From: Jim Nasby <decibel@decibel.org>
To: Robert Haas <robertmhaas@gmail.com>
Cc: Tom Lane <tgl@sss.pgh.pa.us>, Greg Sabino Mullane <greg@turnstep.com>, pgsql-hackers@postgresql.org
Date: 2010-04-25T01:51:26Z
Lists: pgsql-hackers
On Apr 24, 2010, at 8:14 PM, Robert Haas wrote:
>> One possibility: rename the existing pg_stats to pg_stats_permanent. Create a global temporary table called pg_stats_temporary. pg_stats becomes a union of the two. I know the backend wouldn't be able to use the view, but hopefully access to statistics goes through a limited set of functions so that teaching them about the two different tables isn't hard.
> 
> Yeah, I don't think that would be too horrible.  Part of me feels like
> you'd want to have the ability to store stats for a global temp table
> in either one of those tables depending on use-case, but I'm also
> reluctant to invent a lot of new syntax for a very limited use case.

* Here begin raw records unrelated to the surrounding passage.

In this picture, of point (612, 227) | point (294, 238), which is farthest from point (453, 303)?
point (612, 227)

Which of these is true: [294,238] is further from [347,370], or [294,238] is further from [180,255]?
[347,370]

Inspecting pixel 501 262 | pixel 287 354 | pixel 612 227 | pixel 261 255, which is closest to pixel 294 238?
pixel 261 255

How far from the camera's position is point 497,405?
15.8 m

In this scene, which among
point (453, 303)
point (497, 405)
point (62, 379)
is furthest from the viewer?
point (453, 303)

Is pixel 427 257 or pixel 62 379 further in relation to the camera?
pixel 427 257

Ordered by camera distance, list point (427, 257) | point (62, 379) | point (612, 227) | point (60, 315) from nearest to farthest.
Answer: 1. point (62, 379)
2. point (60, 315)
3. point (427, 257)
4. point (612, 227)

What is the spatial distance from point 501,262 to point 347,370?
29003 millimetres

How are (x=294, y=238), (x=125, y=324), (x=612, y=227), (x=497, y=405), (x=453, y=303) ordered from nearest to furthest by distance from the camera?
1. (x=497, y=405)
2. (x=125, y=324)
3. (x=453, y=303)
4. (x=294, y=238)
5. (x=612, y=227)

Yeah, I'm thinking that's very probably overkill. And if we were going to go to that level, I think it would be far more useful to provide an interface to allow manual control over statistics first, so that you can give the optimizer custom information.

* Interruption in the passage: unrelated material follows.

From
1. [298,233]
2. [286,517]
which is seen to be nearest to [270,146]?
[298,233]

>> As for cleanup and storage questions; what about having temp objects live in pgsql_tmp? I'm thinking create a directory under pgsql_tmp for a backend PID the first time it creates a temp object (global or local) and create the files in there. That also means that we don't have to come up with different relfilenodes for each backend.
> 
> That would impose a couple of implementation restrictions that don't
> seem necessary.  One, it would imply ignoring reltablespace.  Two, it
> would prohibit (or at least complicate) allowing a backend to CLUSTER
> or REINDEX its own private copy of the rel.

Well, the same structure could be imposed underneath a temptablespace. I don't think it matters where you ultimately put it, the goal is just to make sure you can definitively tell that a file was a: temporary and b: what PID it belonged to. That allows for safe cleanup.